Material for this task —
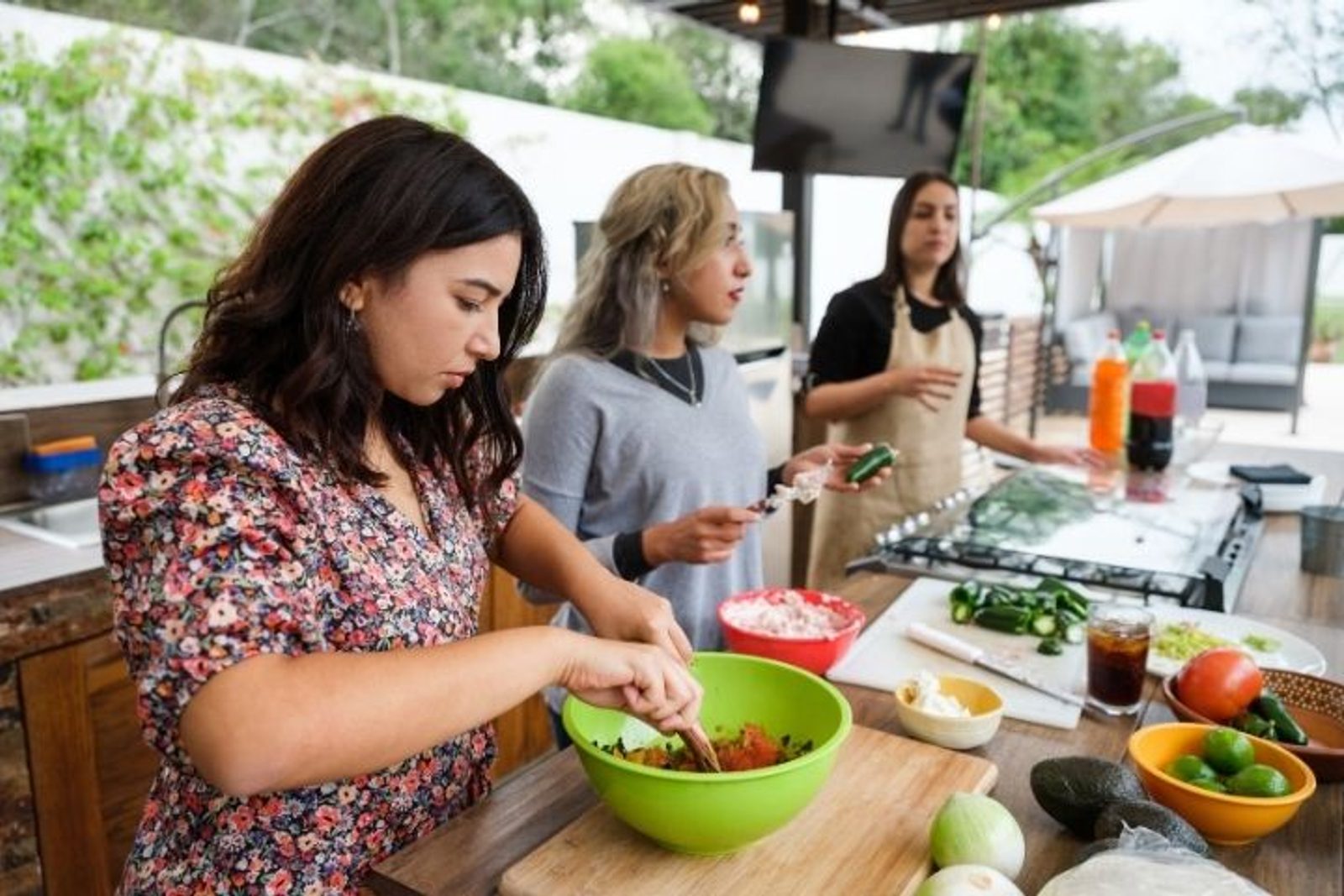 Multiple cooking and preparation zones showing an efficient custom outdoor kitchen workflow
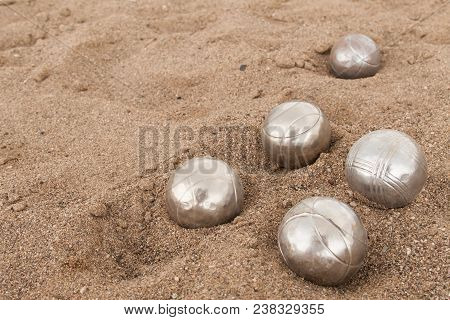 Beach. A Game Of Bocha. Brilliant Silver Balls For A Bocha On The Sand.
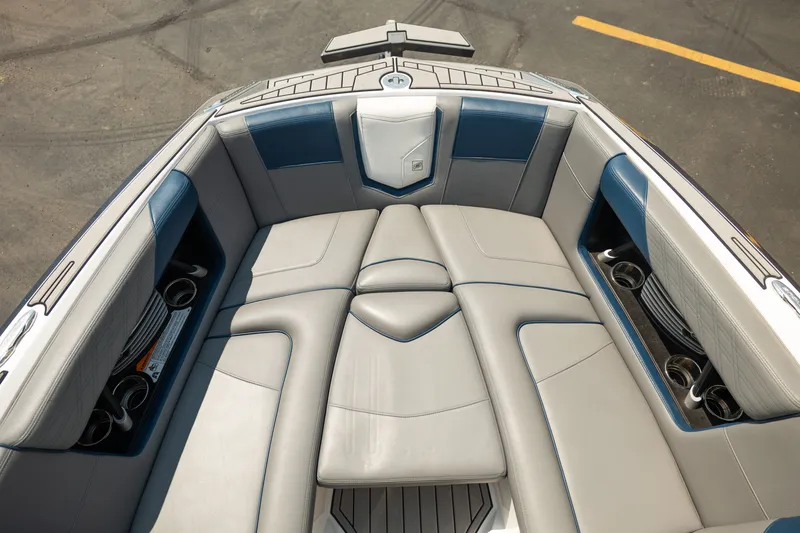 Slide: The Image of Luxurious interior of 2019 Nautique Super Air Nautique G23 boat with plush seating. - 42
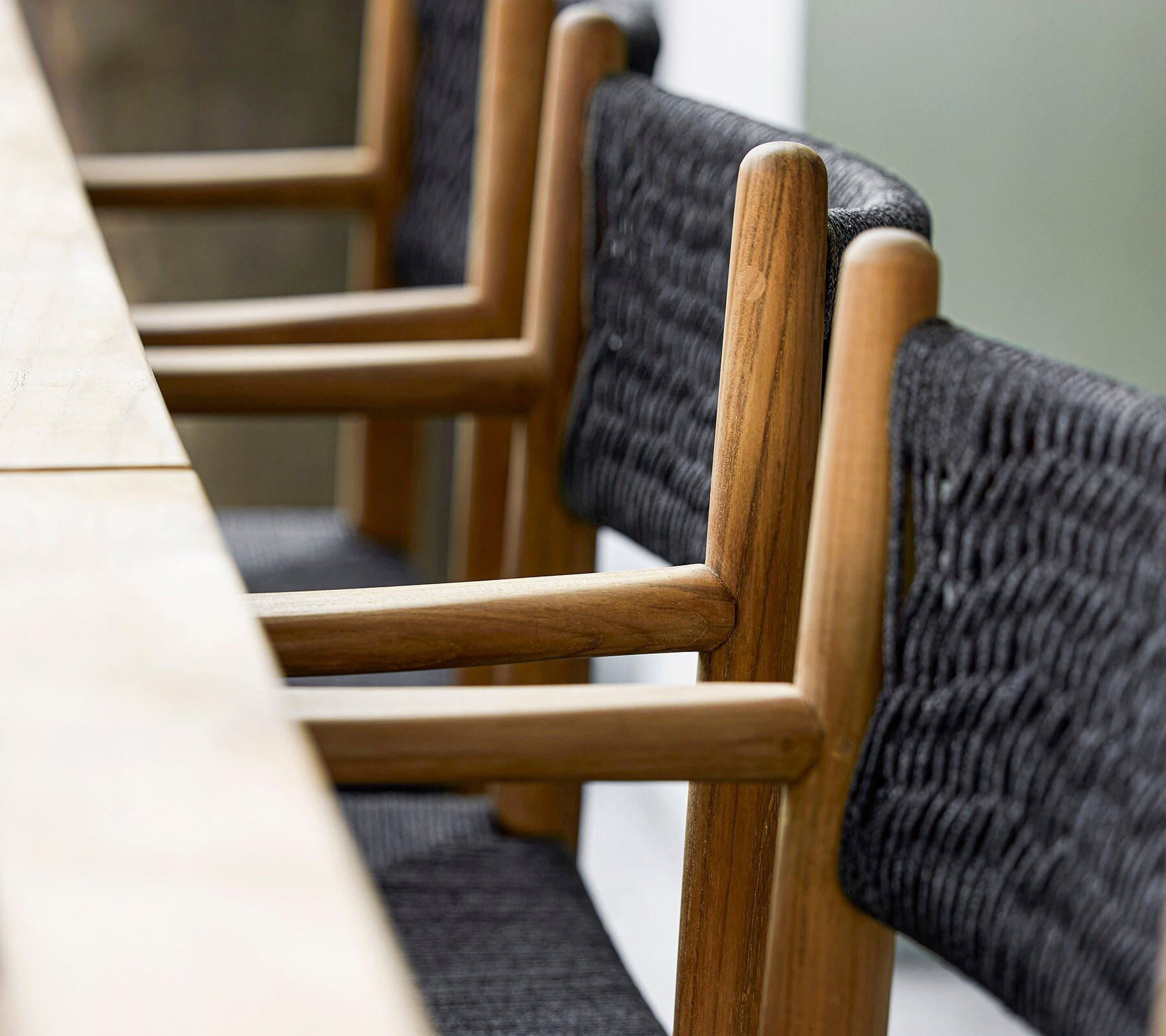 Cane-line Royal teak armchairs along a dining table, detail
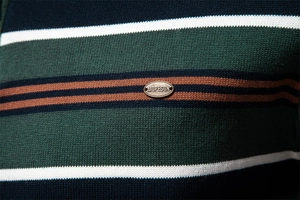 Macro shot of striped knit sweater texture with metallic brand logo detail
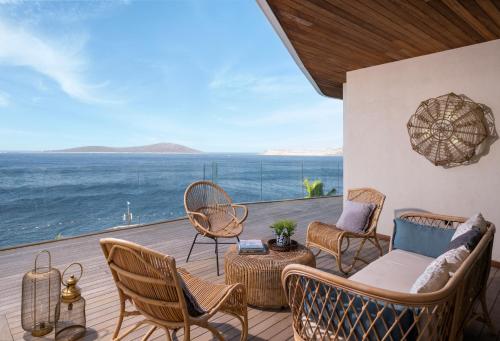 a living room with a view of the ocean at Swissôtel Living Bodrum in Bodrum City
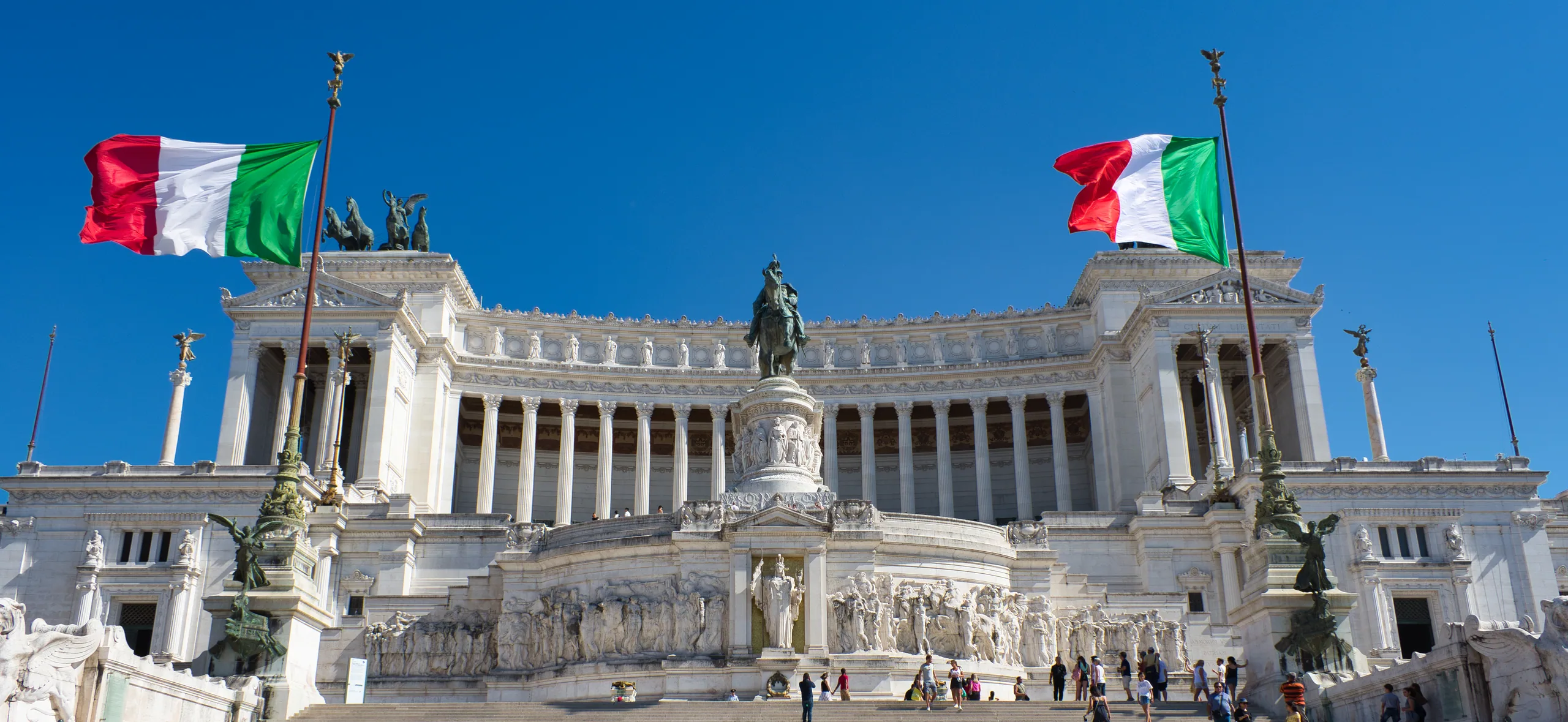 The white marble Vittoriano monument with Italian flags flying at either end against a deep blue sky.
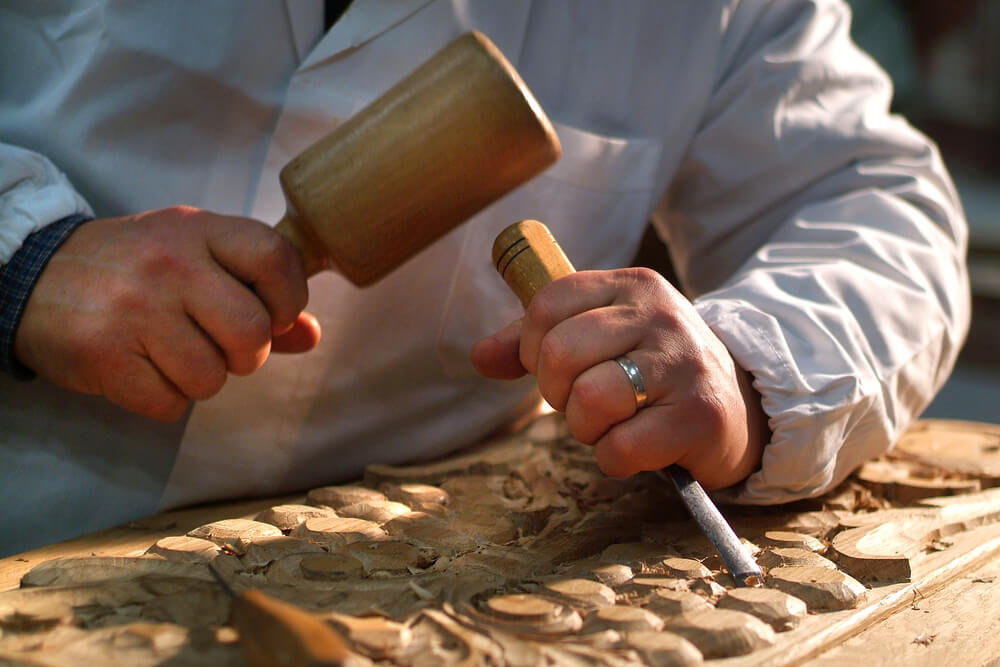 A sculptor with a chisel and hammer creates an etching in the wood just as you would craft a marketing plan.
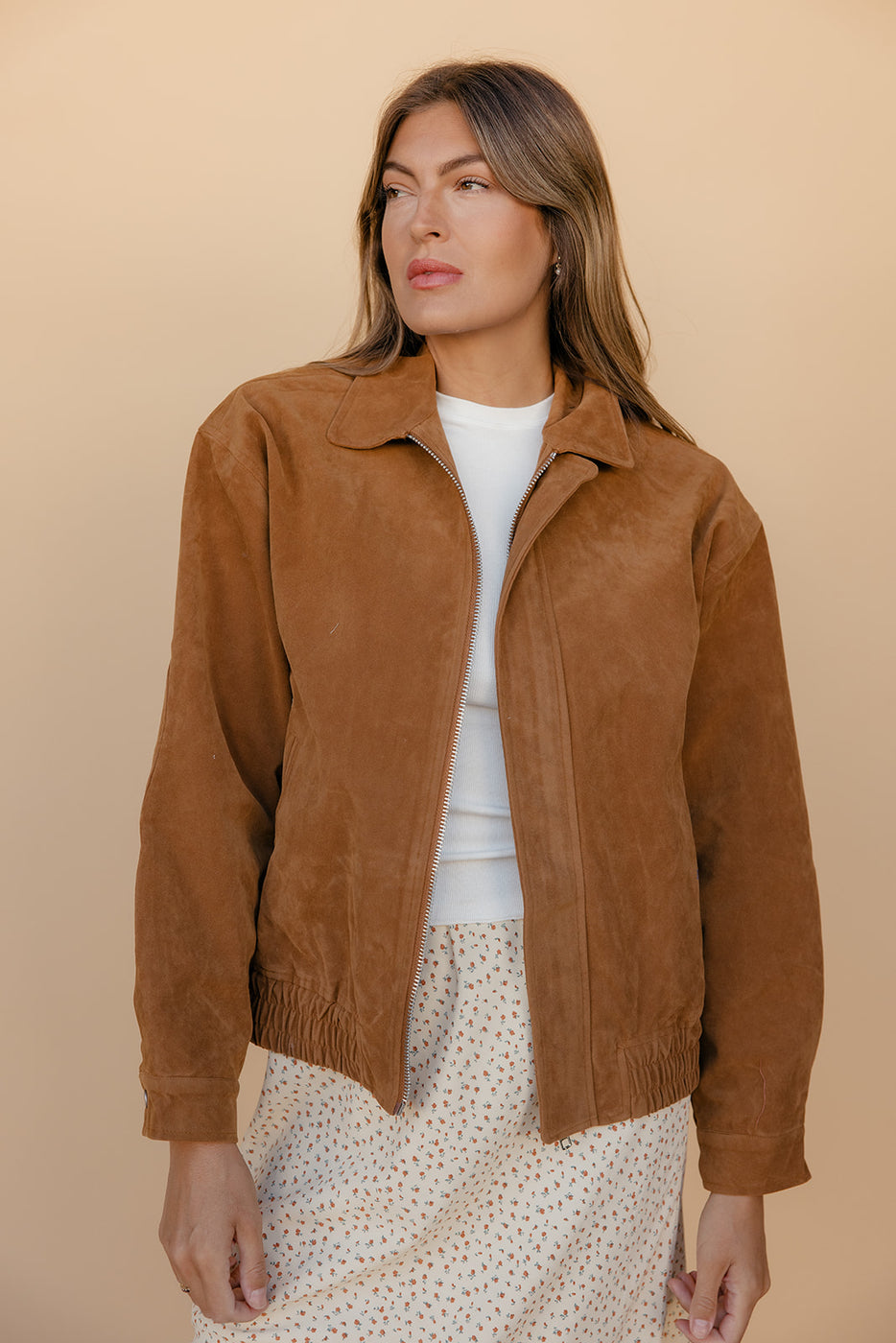Woman wearing a brown suede jacket against a beige background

Task prompt — Although the records above contain pictures, output every line exactly and leave the pictures out.

Your solution —
 Multiple cooking and preparation zones showing an efficient custom outdoor kitchen workflow
 Beach. A Game Of Bocha. Brilliant Silver Balls For A Bocha On The Sand.
 Slide: The Image of Luxurious interior of 2019 Nautique Super Air Nautique G23 boat with plush seating. - 42
 Cane-line Royal teak armchairs along a dining table, detail
 Macro shot of striped knit sweater texture with metallic brand logo detail
 a living room with a view of the ocean at Swissôtel Living Bodrum in Bodrum City
 The white marble Vittoriano monument with Italian flags flying at either end against a deep blue sky.
 A sculptor with a chisel and hammer creates an etching in the wood just as you would craft a marketing plan.
Woman wearing a brown suede jacket against a beige background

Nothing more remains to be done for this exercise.